Googles search results are so much better, especially regarding technical searches and disambiguation of words.

DDG is a "nice try" and I really would like to see I getting better, but still the quality of DDG and Google is very different outside of "mainstream searches".

@thomas
I'm using DDG for about one year now, both for personal use (including scientific stuff) and professional use (software developer), in french and english, and it works quite well. I tried other search engines that didn't work well (yahoo and bing), but DDG fits my needs. Not saying it's better or equal to google, but I wouldn't say there is a major gap between them.

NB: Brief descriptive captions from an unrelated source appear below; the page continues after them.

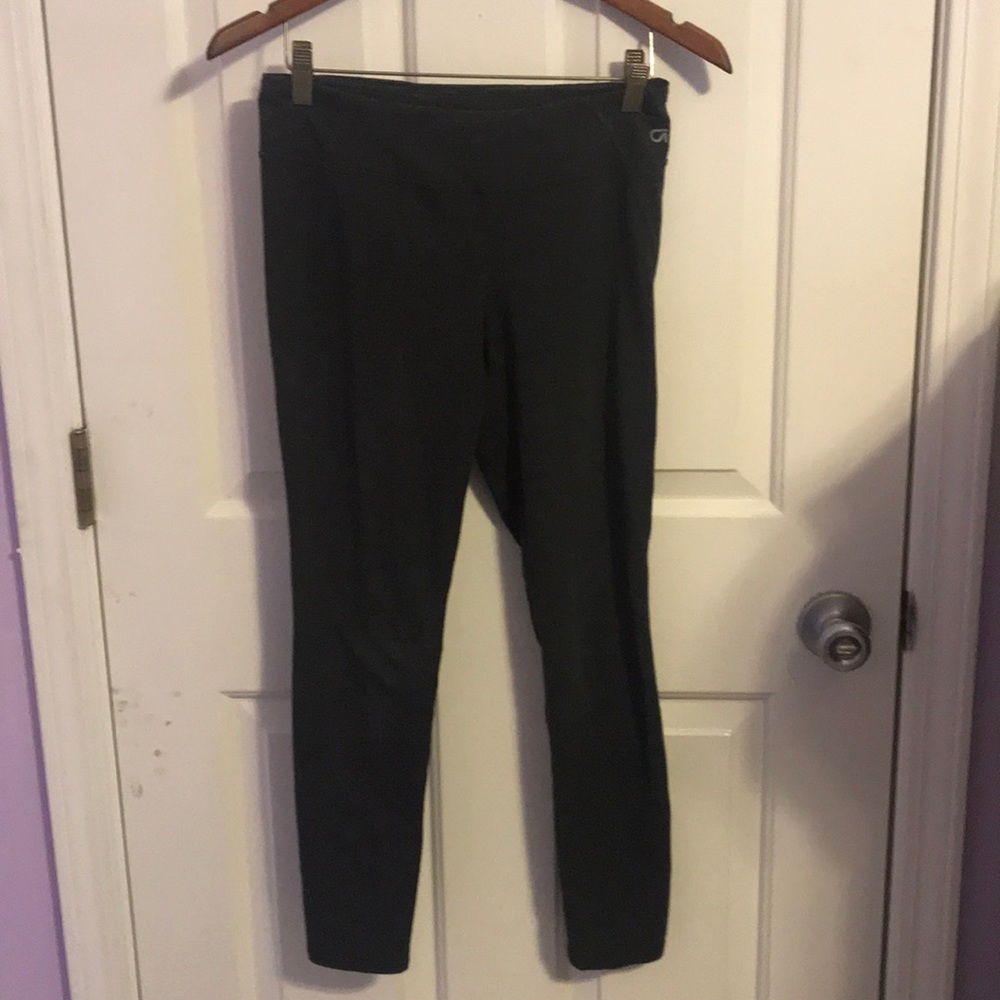 Workout leggings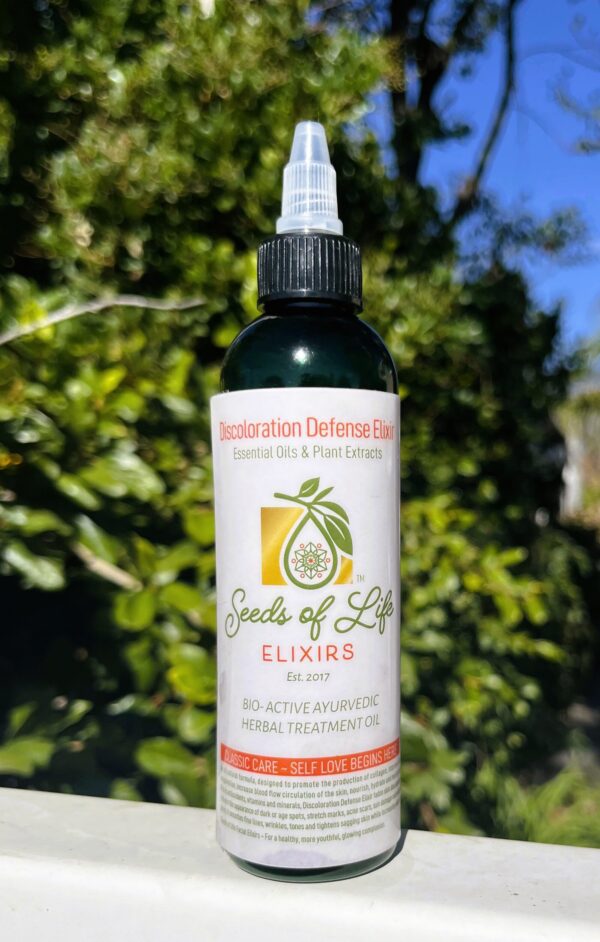 Discoloration Defense Elixir - Image 2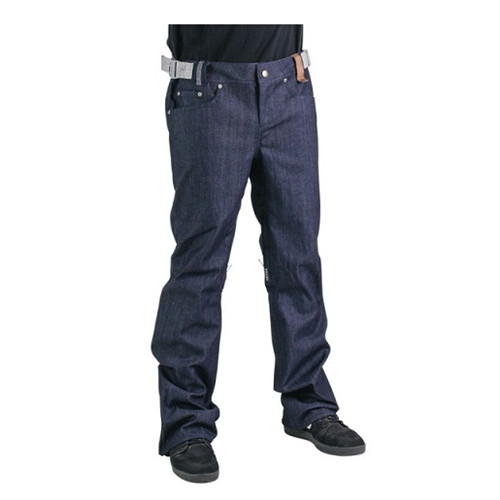 HOLDEN スキニーフィット Holden Denim Pants Skinny Mens Darkindigo | Boardparadise.com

However, I'm still unhappy because it's centralized and relies on advertisement.
@peter

@peter
Good article, I believe same is true for general advertisement on webpages. News sites could just sell their slots based on article topic, get a advertisement image and a target url from the company who buys the slot and add it to the webpage. No tracking and probably enough to pay the bills for the online presence. Why they don't do it like that? Same reason as for Google: with tracking you earn more, it is just the typical capitalistic thinking of increasing your revenue.

@peter
> need to track your personal search history to make money
Of course it doesn't. But it does when you want to make A LOT OF money. 🤣 🤣

@peter @jaycie

Neat.

Tbh, paid search suggestions are a pita... And ddg makes it hard to see the difference.